**Exercise requirements**. For the material that follows, list every line containing the word "Black".

--

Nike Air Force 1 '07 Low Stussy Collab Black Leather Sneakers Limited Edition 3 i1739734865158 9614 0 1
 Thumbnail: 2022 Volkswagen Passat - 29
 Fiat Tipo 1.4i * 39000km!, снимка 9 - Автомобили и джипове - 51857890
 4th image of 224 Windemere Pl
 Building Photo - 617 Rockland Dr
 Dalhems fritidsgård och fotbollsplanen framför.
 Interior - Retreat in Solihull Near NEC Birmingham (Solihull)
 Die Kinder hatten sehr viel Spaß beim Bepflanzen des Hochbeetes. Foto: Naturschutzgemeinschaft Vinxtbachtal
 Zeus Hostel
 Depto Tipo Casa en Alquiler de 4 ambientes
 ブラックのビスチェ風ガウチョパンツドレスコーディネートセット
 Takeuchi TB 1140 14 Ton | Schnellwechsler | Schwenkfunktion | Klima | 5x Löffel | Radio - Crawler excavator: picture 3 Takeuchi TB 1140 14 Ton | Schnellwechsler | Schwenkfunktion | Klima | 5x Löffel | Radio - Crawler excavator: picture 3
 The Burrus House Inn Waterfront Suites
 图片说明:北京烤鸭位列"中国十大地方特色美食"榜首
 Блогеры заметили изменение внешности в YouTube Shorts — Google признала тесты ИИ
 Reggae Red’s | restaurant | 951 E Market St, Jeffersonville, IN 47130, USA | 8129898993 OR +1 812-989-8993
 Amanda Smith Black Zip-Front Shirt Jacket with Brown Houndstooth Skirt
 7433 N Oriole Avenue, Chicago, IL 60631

--

**Written solution**.
Nike Air Force 1 '07 Low Stussy Collab Black Leather Sneakers Limited Edition 3 i1739734865158 9614 0 1
 Amanda Smith Black Zip-Front Shirt Jacket with Brown Houndstooth Skirt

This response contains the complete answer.